2. In the present revisions, the Additional Government Pleader (Taxes) would contend that the assessee's registration certificate contained only electric motors, starters, machinery and other accessories and as such, the transformers dealt with by the assessee cannot be included in this category, and the Tribunal should have confirmed the levy of penalty under section 10(b) of the Act with regard to transformers. According to the department, transformers fall under a separate entry under the TNGST Act as entry 41-D from September 13, 1977. It was further submitted that the Tribunal ought to have allowed the enhancement petitions filed by the Revenue with regard to the levy of penalty in respect of purchase of Luna mopeds and moped spares. On the other hand, learned counsel for the assessee submitted that the Tribunal was correct in deleting the penalty with regard to the purchase of Luna moped and moped spares. It was submitted by him that during the assessment years under consideration, "mopeds" were not taken note of under the provisions of the Act; but only from September 1, 1987 on wards, mopeds were included as "motor vehicles" under entry 3 to the First Schedule and that, therefore, "mopeds" should be taken within the broad classification of "machinery" for which, registration certificate was issued by the department. It was also submitted that on the basis of the various decisions cited by the assessee, before the Tribunal, the levy of penalty under section 10(b) of the CST Act is not exigible.

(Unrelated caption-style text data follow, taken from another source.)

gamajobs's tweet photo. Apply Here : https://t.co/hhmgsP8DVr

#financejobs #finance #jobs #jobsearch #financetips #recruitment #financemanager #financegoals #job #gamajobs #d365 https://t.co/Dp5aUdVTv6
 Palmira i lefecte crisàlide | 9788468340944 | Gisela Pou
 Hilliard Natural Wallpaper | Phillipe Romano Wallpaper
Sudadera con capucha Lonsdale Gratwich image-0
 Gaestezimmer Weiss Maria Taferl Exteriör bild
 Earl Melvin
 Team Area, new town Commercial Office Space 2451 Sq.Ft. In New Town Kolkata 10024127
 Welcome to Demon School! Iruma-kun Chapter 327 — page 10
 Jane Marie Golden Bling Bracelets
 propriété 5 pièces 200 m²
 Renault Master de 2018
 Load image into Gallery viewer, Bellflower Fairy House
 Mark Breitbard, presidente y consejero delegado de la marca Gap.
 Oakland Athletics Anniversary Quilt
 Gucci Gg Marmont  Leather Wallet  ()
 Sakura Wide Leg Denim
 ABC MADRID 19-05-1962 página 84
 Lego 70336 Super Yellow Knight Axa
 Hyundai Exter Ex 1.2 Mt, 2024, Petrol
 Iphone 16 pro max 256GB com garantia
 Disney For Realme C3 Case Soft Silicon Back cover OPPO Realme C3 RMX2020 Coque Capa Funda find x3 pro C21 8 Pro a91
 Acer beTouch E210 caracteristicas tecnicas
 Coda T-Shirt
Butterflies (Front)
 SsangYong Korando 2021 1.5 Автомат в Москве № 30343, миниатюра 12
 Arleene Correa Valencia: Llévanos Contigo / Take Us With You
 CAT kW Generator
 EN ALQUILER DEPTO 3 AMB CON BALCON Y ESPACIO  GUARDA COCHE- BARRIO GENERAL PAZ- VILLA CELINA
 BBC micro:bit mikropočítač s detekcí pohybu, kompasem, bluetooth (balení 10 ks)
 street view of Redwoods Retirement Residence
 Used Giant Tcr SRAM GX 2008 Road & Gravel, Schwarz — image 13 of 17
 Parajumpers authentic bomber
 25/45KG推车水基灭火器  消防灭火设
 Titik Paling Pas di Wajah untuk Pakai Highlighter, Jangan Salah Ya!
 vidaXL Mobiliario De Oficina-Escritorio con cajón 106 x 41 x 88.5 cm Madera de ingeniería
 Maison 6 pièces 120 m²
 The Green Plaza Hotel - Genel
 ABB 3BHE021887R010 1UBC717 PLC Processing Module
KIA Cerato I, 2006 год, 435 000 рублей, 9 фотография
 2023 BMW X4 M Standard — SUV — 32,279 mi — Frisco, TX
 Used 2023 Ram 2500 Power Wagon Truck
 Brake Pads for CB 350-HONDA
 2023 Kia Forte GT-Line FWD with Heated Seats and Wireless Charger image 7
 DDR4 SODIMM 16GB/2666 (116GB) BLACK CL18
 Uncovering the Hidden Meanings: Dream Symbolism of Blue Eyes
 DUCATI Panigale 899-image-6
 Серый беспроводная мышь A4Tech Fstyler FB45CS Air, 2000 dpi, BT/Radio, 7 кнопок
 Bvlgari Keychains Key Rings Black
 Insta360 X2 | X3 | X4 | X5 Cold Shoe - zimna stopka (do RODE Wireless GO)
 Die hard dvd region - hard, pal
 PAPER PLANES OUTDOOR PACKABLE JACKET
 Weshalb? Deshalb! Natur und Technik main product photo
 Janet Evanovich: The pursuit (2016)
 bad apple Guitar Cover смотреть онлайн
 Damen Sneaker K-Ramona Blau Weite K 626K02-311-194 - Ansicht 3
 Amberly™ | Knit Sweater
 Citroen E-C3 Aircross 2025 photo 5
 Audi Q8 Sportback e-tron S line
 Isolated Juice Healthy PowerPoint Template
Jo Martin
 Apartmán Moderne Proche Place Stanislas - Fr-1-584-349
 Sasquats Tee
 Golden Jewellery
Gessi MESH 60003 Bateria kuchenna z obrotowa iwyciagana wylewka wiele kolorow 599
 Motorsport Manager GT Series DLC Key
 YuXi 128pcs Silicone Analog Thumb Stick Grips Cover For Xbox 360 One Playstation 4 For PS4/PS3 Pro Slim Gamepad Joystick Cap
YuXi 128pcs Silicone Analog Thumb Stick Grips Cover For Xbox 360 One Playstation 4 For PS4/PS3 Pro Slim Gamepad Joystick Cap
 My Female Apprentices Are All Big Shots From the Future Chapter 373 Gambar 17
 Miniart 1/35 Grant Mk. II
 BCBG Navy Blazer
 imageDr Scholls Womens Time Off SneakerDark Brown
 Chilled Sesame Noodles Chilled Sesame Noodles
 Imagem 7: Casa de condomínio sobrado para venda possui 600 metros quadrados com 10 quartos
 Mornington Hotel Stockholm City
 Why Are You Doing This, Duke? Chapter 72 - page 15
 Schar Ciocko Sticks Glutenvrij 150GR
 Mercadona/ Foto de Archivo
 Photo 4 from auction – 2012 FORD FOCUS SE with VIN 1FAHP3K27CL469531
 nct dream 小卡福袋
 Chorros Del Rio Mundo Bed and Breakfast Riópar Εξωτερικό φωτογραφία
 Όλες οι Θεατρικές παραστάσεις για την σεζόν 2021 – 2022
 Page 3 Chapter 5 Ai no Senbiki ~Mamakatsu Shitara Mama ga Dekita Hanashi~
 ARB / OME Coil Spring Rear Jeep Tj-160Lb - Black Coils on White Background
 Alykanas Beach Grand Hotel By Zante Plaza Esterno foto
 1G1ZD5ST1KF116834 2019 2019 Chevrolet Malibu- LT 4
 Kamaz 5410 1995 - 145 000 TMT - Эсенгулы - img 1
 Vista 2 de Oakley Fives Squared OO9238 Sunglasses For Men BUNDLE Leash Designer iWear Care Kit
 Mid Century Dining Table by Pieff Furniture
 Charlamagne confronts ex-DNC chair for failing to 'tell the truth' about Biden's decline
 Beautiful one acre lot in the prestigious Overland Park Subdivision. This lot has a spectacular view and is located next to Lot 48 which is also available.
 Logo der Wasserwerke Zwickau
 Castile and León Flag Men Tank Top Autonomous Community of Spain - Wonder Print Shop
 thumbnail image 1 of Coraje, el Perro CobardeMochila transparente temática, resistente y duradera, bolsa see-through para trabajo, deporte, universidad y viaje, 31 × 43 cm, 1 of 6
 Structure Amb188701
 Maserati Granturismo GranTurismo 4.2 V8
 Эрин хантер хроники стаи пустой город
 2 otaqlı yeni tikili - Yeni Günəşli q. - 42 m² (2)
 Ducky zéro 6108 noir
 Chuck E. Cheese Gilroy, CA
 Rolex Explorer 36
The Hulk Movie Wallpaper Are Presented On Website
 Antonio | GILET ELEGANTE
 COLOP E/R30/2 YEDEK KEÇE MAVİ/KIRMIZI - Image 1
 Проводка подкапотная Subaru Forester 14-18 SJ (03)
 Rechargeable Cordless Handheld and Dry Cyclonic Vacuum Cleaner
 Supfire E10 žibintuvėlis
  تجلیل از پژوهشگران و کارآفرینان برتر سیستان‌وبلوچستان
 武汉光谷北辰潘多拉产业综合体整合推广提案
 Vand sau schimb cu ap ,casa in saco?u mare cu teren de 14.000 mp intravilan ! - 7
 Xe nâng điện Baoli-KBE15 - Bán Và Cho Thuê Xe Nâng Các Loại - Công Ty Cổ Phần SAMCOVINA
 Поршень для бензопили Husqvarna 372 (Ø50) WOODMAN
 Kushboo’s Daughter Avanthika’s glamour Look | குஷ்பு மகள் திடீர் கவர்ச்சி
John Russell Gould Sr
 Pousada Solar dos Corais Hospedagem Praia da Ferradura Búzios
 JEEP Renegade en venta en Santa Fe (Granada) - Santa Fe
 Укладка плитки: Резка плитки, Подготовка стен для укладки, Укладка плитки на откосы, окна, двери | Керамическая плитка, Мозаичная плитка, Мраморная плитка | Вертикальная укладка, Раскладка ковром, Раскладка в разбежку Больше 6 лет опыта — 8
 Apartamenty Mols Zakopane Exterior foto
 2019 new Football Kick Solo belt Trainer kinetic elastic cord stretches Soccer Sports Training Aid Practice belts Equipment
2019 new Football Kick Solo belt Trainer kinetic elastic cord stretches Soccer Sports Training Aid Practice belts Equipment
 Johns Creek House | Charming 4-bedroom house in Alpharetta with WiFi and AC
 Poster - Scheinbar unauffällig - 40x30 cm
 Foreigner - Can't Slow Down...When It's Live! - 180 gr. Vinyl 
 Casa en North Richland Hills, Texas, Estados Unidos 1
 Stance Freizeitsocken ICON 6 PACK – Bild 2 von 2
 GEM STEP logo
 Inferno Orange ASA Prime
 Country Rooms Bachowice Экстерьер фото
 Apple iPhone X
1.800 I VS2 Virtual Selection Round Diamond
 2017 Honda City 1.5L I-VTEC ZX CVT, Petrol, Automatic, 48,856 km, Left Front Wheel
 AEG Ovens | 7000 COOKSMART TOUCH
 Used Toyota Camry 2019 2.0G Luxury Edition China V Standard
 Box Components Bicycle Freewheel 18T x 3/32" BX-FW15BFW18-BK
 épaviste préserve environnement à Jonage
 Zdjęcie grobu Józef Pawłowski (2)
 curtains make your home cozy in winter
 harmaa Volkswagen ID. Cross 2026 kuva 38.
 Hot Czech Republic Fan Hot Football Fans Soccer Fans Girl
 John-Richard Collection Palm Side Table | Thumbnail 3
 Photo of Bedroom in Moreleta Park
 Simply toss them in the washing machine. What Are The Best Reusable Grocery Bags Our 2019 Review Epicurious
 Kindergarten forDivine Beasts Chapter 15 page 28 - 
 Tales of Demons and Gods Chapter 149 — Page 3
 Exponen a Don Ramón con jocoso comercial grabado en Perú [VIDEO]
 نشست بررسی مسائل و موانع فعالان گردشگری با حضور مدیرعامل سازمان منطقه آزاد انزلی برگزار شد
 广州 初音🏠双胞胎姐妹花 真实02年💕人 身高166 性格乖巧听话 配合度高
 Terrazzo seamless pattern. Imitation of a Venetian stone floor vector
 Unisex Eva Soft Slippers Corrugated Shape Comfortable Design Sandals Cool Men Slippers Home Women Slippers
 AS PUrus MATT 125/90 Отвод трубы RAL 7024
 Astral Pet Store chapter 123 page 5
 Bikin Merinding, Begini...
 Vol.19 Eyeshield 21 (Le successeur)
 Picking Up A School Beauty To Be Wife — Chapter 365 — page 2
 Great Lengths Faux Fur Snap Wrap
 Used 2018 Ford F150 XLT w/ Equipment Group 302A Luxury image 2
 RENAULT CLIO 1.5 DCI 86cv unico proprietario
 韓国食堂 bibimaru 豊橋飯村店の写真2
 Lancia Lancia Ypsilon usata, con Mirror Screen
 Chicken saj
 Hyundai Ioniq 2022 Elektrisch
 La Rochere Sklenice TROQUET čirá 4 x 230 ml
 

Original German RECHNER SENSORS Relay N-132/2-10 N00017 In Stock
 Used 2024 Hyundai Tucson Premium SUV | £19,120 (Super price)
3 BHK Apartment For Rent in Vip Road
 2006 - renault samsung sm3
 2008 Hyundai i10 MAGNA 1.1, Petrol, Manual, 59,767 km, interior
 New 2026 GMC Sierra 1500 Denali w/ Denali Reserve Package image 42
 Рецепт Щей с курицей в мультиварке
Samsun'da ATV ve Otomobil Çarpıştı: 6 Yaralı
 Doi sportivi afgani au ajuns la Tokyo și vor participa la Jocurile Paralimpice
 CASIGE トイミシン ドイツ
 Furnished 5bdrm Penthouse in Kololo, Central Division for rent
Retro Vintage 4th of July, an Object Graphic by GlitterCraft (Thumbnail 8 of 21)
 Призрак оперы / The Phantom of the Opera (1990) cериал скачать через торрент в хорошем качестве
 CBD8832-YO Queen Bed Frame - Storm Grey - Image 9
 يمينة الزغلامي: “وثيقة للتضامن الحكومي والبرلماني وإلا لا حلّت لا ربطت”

3. In reply, learned Additional Government Pleader would submit that the fact that the assessee later applied for amendment of the certificate of registration, to include Luna mopeds, moped spares and transformers therein, would go to show that the assessee could not have entertained any bona fide belief that the definition "machinery" would also take in "Luna mopeds" and "transformers". However, according to the learned counsel for the assessee, the transformers should be taken as a "machinery", because the assessee, after purchasing the transformers, fitted them in panels and sold them as control boards. It was pointed out that if the transformers were purchased as such and resold after fitting them in panels, the department cannot levy penalty under section 10(b) of the Act since there could not have been any violation of the provisions of section 10-A of the Act by the assessee.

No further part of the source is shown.